Originally published May, 2005. Republished June 28, 2012.
When my husband died several months ago, my grief was so heavy that I felt as though I had stopped breathing. We completed one another. The love surrounding me from family and friends was not enough to penetrate my sorrow.
I was curious and concerned how my three grandchildren would cope with their grandfather's death, since they had each been so close to him. Letting them see my grief was healthy, I was advised, because it let them see them how much their grandfather was loved by me.
I wondered what emotional tools my grandchildren were using to cope with this loss, and what was the source of these tools. I also wanted to know if their religious differences would mean they have different styles of mourning.
Danielle, who is eight, lives on the East Coast with non-religious parents, both Jewish. Matt, eleven, and Andrew, nine, live on the West Coast with their Jewish father and Catholic mother and attend a Catholic school. Speaking with each child separately (although the boys were at the same table), I conducted a mini interview with each of them, asking about their emotional tools. I was amazed at how communicative and open with their feelings the boys were and how clear my granddaughter was. There were no one-word responses and whatever question I sent their way was answered. I laughed and cried during this journey with them, told them how important their love and support is to me during this sad time in my life, how much their Papa loved them, and how I treasure their love of him and me.
They were extremely sensitive to my feelings as I was to theirs, never judging or challenging anything said. I listened.

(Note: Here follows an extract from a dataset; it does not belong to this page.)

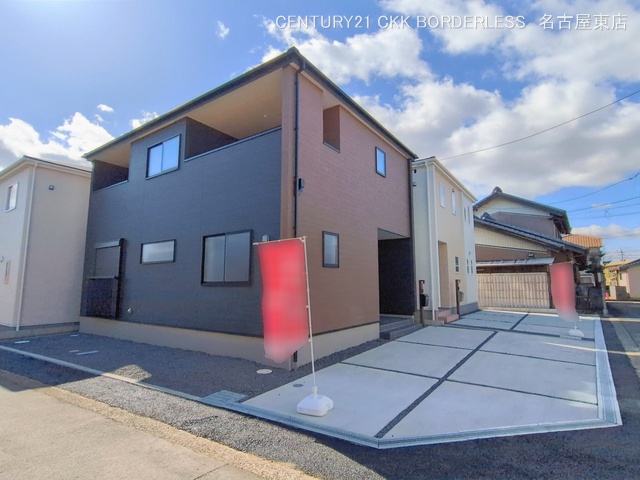 愛知県西春日井郡豊山町大字豊場字新田町の新築戸建て完成写真 2026年2月8日撮影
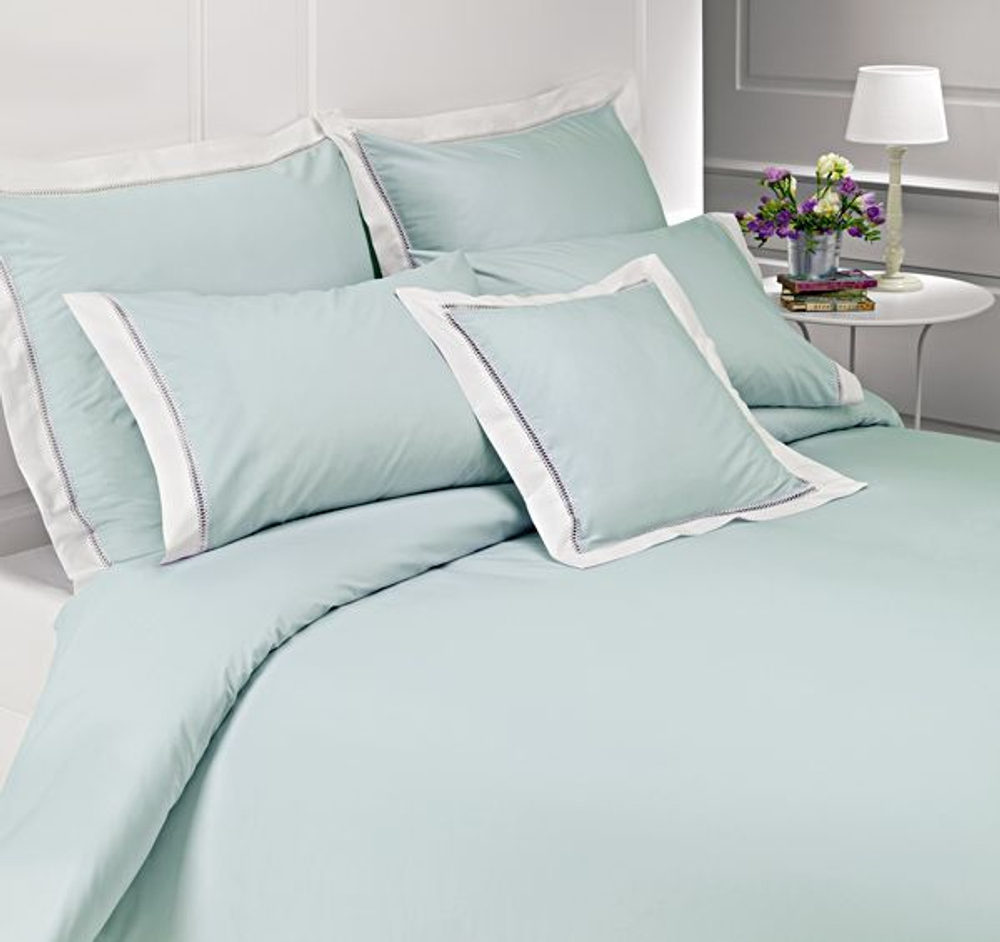 Пододеяльник 220x200 Bovi Весенний сад салатовый Португалия фото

I learned... and I would like to share their words with you.
Danielle told me she didn't think I would be all right, she knew I would be. She said Papa was my one and only love and I would never get married again. She said that Papa used to see her every week or every other week, and now he sees her everyday. She feels his presence. Her friends understood when she cried in school, especially the ones who also had suffered losses in their family. Her teachers gave her kind and supportive words and told her how fortunate she was to have her Gamma temporarily living with her, giving us an opportunity to help each other. Danielle would stroke my arm, telling me she loved me.
Danielle, while raised Jewish and taught Jewish values by her parents, has not yet received any formal Jewish education. She has found her spiritual path herself. She felt that what she knows of her own Jewish religion did not offer her solace at this difficult time. She spoke of crying at night, explaining that during the day she's so busy, but at night she thinks of Papa and how she misses him. She said, "At night when I feel like crying, I squeeze my favorite stuffed animal Monkey and feel I'm holding Papa. I pray, and what I pray for is for all of us to live healthy long lives."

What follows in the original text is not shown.